Regie: Larry Clark
Einfach nur rumhängen...
Larry Clarks Erstling "Kids" aus dem Jahr 1995 ist wie die
Nachfolgefilme des Regisseurs Portrait, Bestands- und Momentaufnahme der
heutigen Jugend, aber vielleicht in seiner Aussage der politischste von
Ihnen. Inzwischen sind 20 Jahre vergangen. Aber die Jugendsprache und
auch das Abhängen der Kids scheint sich nicht groß verändert zu haben.
Clark porträtiert eine Jugendclique im New York der 90er Jahre.

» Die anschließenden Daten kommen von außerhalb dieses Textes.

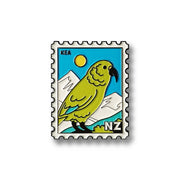 Illustration of a New Zealand postage stamp featuring a green kea parrot, mountains, and a yellow sun—this Kea Collectible Stamp Magnet, inspired by Glenn Jones Artwork, has KEA and NZ in the corners for fans to enjoy.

Angesagte Themen sind Partys, Drogen, Alkohol und Sex. Die Teenies
fahren auf Hip-Hop und Rave ab, Trendsportart ist das Skateboardfahren,
das einen großen Teil der Freizeit einnimmt. Ganz nebenbei hat Larry
Clark das AIDS Thema mit eingeflochten und vor allem wie die
Jugendlichen mit dieser Gefahr umgehen.
"Kids" skizziert
einen Tag im Leben des 16jährigen Telly (Leo Fitzpatrick), der mit
seinem besten Freund Casper (Justin Pierce) rumhängt. Telly steht darauf
möglichst junge Mädchen zu entjungfern. In der ersten Szene hat er es
wieder einmal geschafft und ein Mädchen (Sarah Henderson) mit den
üblichen Sprüchen von Vertrauen und Liebe rumgekriegt. Nun auf zu neuen
Taten, es warten noch andere Mädels darauf von dem Casanova flachgelegt
zu werden. Nächstes anvisiertes Opfer ist die 13jährige Darcy (Yakira
Pequero), die sich auch etwas in ihn verknallt hat. Aber vorher cruisen
die beiden Freunde durch die Straßen von New York, pissen mal ungeniert
an eine Mauer und besuchen einen Kumpel, bei dem es immer Drogen für die
Gäste gibt. Wenn der Durst kommt, dann klaut man eine Flasche Bier im
Drugstore und hängt anschließend im Park beim Skaten ab. Wenn einer blöd
kommt, dann kiregt er von der Clique eine aufs Maul. So bleibt ein
Rivale durch massive Schläge auf den Kopf auf dem Asphalt regungslos
liegen. Im nächsten Moment pöpelt man zwei Schwule an, die
händchenhaltend durch den Park laufen. Es ist ein Leben im Müßiggang.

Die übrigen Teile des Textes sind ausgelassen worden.